We search a lifetime to figure out who we are. We are in constant movement, developing into different versions of ourselves based on our experiences. There are times these experiences bring forth sides of our human nature that we are not proud of. Then there are times we are pleasantly surprised with ourselves. I don’t believe “we are who we are.” I believe we are who we choose to be. Life
can will throw us curveballs. It’s only a matter of time. What do you do when the ball comes flying straight at you 90mph and there is not enough time to run, duck or hide before getting blasted? The force is so strong that the moment of impact brings you straight to your knees as you gasp for just a single breath of air.

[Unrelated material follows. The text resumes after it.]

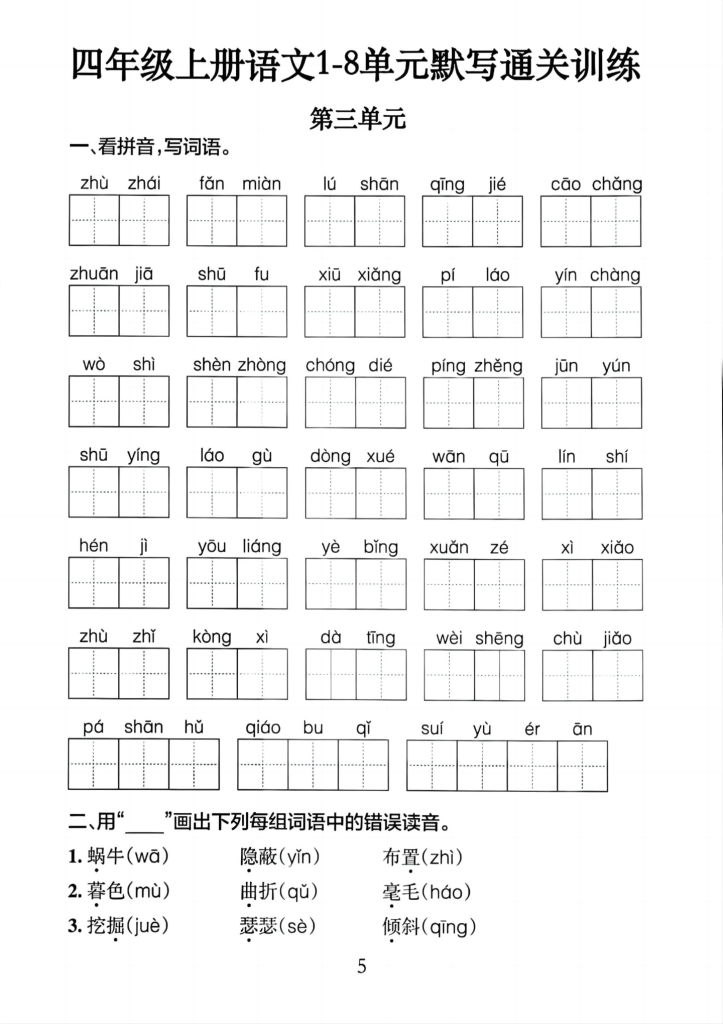 图片[5]-四年级（上）语文1-8单元考点通关训练-宝库盒教辅资料站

What do you do? Do you quit the game? Do you keep on batting? In my case I tried both and well, neither worked. So I decided to take some time away from the field and search for as much healing as this heart could possibly absorb.
I took the pressure off of myself to be who I was before my life turned upside down. I stopped listening to both the angel and devil sitting upon my shoulders and only looked straight ahead. Before I lost Jake I think it would be fair to say I wore the weight of the world. I was the good listener, the good friend, the do-for-others kind of girl. I couldn’t stomach the thought of anyone hurting and I mean anyone. I would think about the homeless man I gave change to for days. I would stay awake at night wondering about patients at work. I wouldn’t be able to think straight if I thought I offended someone. I was the epitome of an over thinker.

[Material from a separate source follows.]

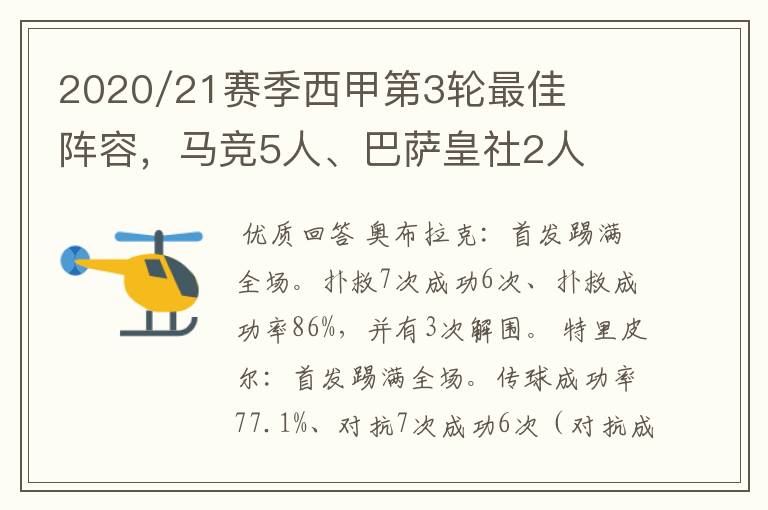 2020/21赛季西甲第3轮最佳阵容，马竞5人、巴萨皇社2人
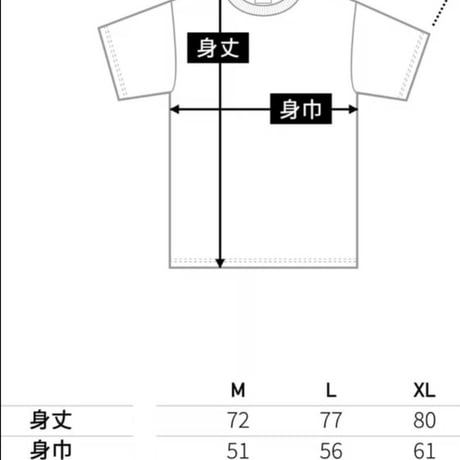 ウソーピー ／ Tシャツ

And then my life shifted into a universe that I didn’t recognize. I couldn’t think straight let alone over think. It felt like I lived in a constant fog amongst a world of people who walked and talked indescribably fast. I stopped carrying others burdens for a while. Not because I wanted too-but because I had too. I don’t think words alone could be adequate enough to provide an understanding of even the glimpse of pain I was feeling-not just on my heart but through my entire body, mind and soul. I can now look at this year and say that being selfish while you are grieving isn’t a bad thing. It’s a means of survival. Some will understand this and some will not. Some will stand by your side during this time and some will not. But you won’t be in this place forever if you choose not to be and allow yourself the grace to heal. Those who are still standing there waiting are part of beauty in the chaos. Those who aren’t, well I’ve come to find peace with that as well.
I have started healing a bit. I feel like I am emerging from that selfish place. To be honest, I have mixed emotions about it. Truth-tunnel vision is kind of a gift. When I started to really feel the weight of others pain again the stress of an old familiar kind settled back into my bones and I don’t miss it very much. It’s not that I don’t want to care for others, that’s not it at all. It’s actually the opposite. But it’s just so heavy. It gives me such an unsettled feeling when I’m so in tune with others stress. I just want everyone to be okay. I want the world to be in sync. I want everyone to be happy and safe and healthy. That’s how I know my old self is coming back. She’ been there all along. I have missed her. But she can be so annoying. The old me doesn’t know how to not wear the world on my heart.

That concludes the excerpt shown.